Low-Carb Zucchini Cheese Muffins 🥒🧀
These savory muffins are a perfect light and healthy dinner option for anyone looking to cut down on carbs while still enjoying a flavorful, filling meal. The combination of zucchini and cheese makes these muffins moist, cheesy, and full of goodness, and they can be served as a snack, side dish, or main course!
Ingredients:
- 1 medium zucchini, grated
- 1 1/2 cups almond flour
- 1/2 cup shredded cheese (cheddar or mozzarella works best)
- 2 large eggs
- 1/4 cup melted butter
- 1/2 teaspoon baking powder
- Salt and pepper to taste
- 1/2 teaspoon garlic powder (optional)
- Fresh herbs (e.g., parsley or chives, optional)
Instructions:
- Preheat the oven to 375°F (190°C) and line a muffin tin with cupcake liners.

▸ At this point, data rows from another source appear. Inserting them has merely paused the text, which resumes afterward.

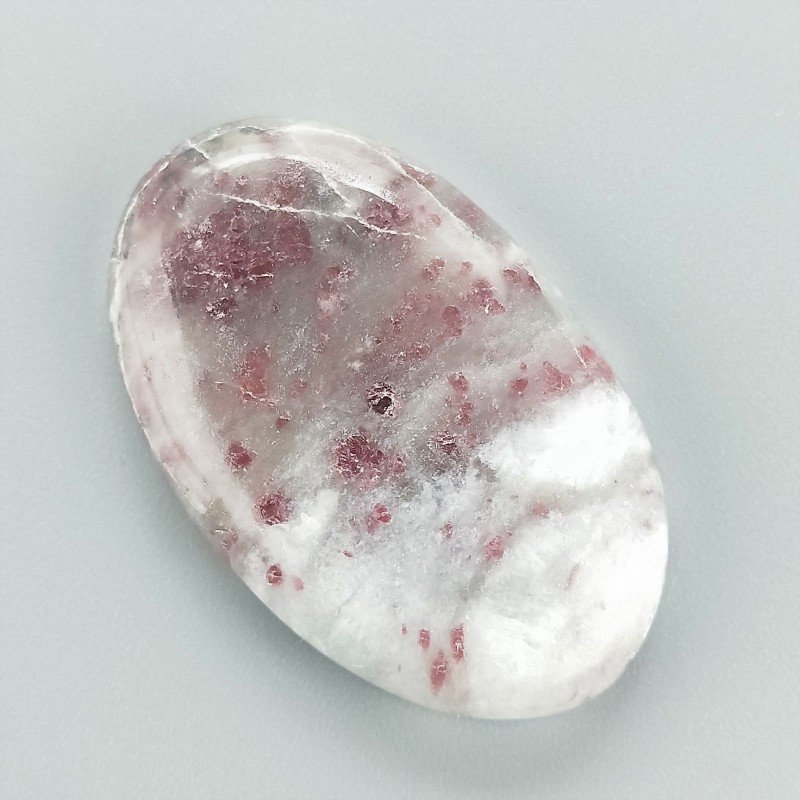 Lepidolite Naturale Forma Ovale Piatto Cabochon Liscio Fatto a Mano 38X23X6mm 9,40gm 1pz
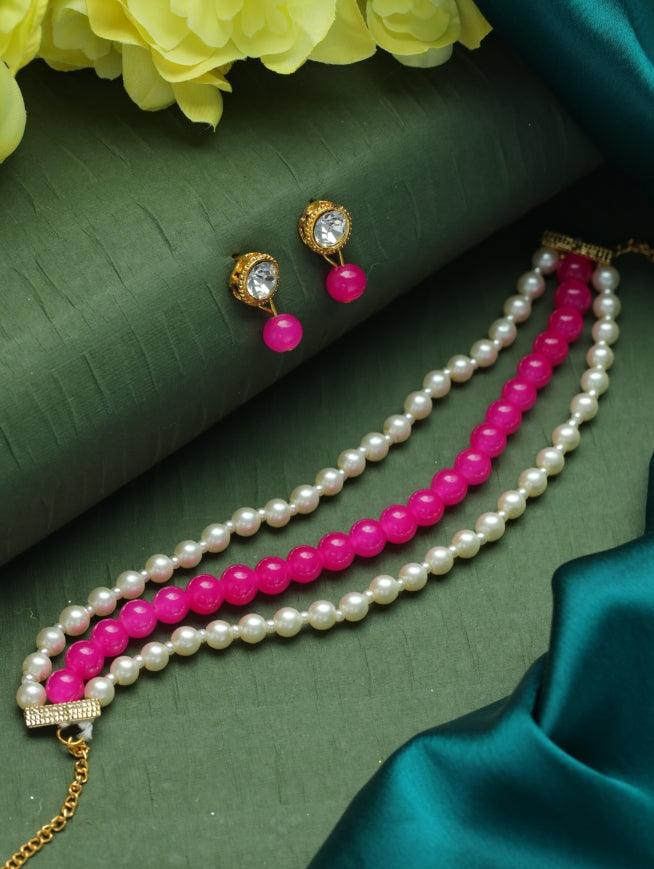 Women's Pink-Coloured Gold-Plated Pearl Necklace Set - Jazz And Sizzle - Indiakreations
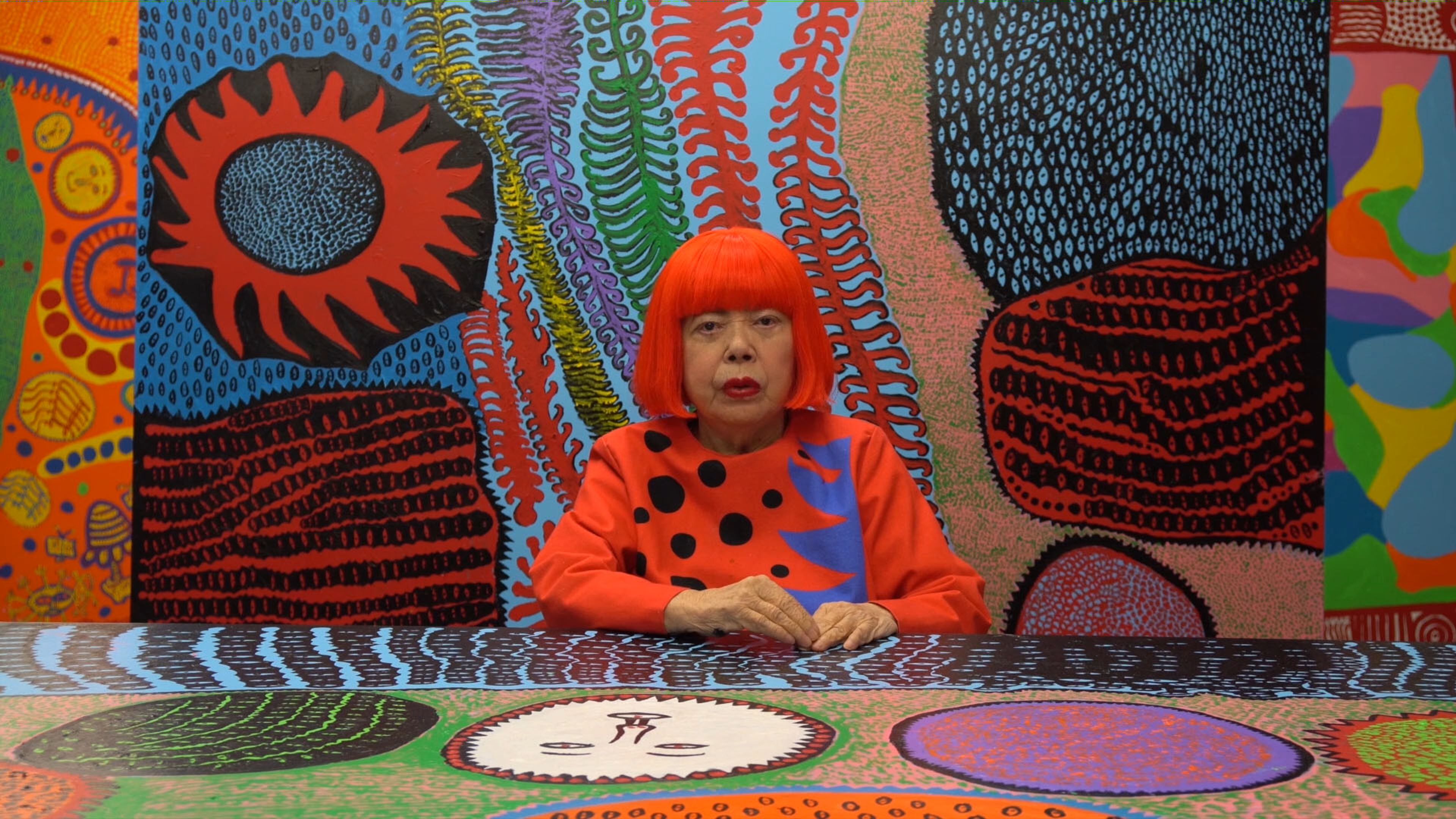 A photograph of Yayoi Kusama in her studio, dated 2017. 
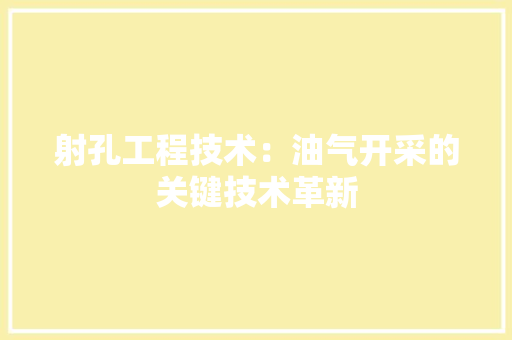 射孔工程技术：油气开采的关键技术革新 现代风格装饰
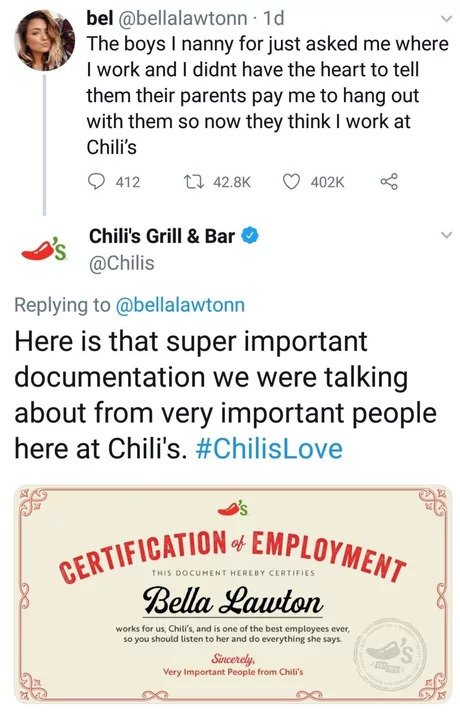 Good guy Chili's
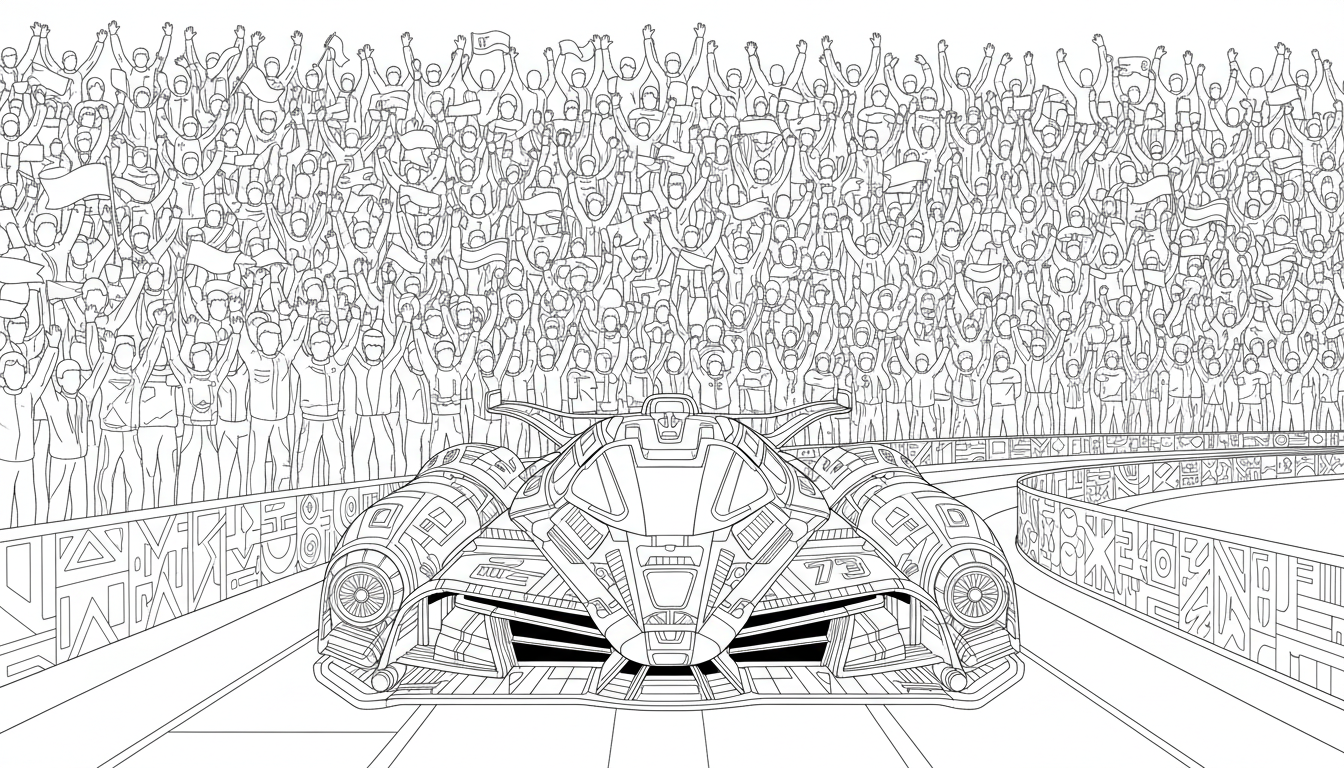 futuristic race car speeding down track coloring page to print
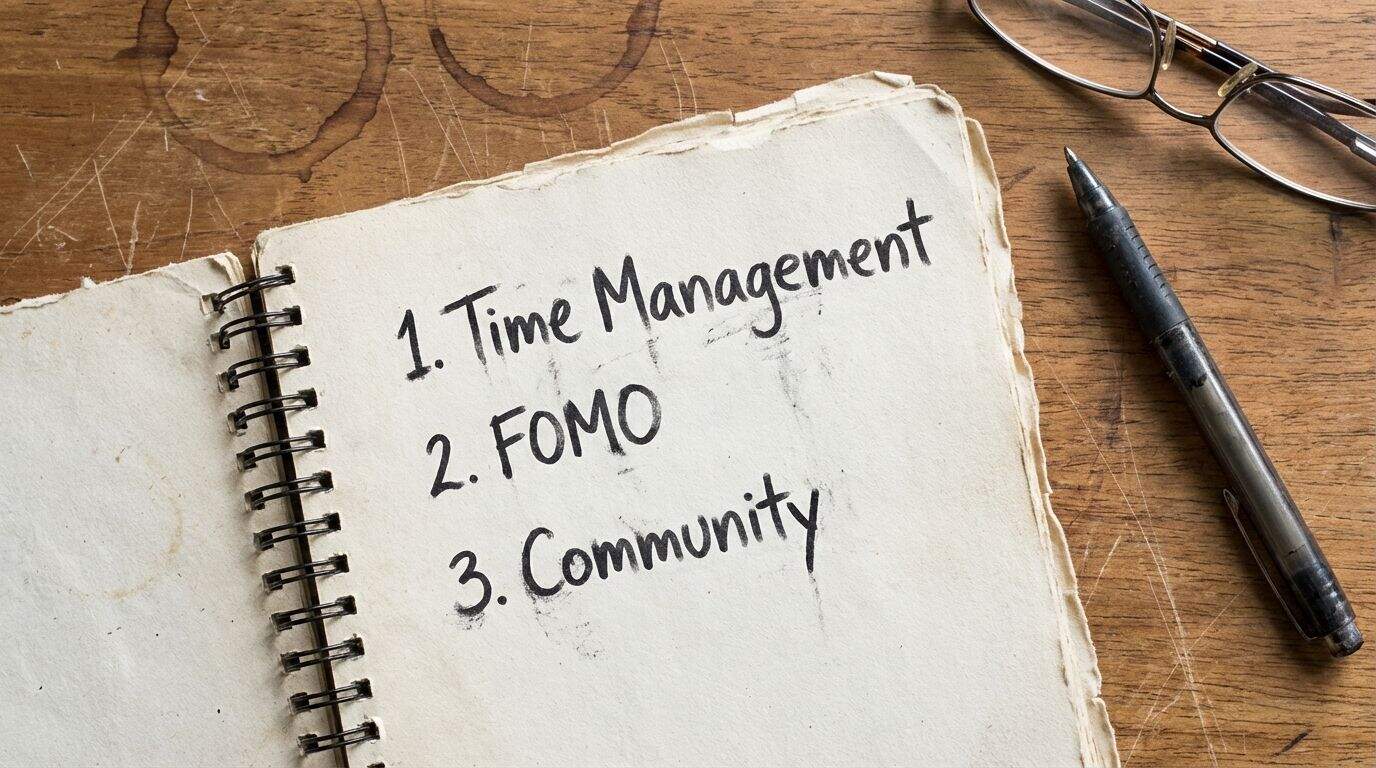 A handwritten list in a notebook showing tips for entrepreneurial moms.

- Prepare the zucchini by grating it and squeezing out excess moisture using a clean towel or paper towels. This will help prevent the muffins from being too soggy.
- In a large bowl, combine the grated zucchini, almond flour, shredded cheese, eggs, melted butter, baking powder, and seasonings. Mix well until all ingredients are thoroughly combined.
- Spoon the batter into the muffin cups, filling each one about 3/4 of the way full.
- Bake for 20-25 minutes, or until the muffins are golden brown on top and a toothpick comes out clean when inserted.
- Let the muffins cool for a few minutes before serving.
Enjoy these zucchini cheese muffins as a low-carb dinner option that’s both satisfying and delicious!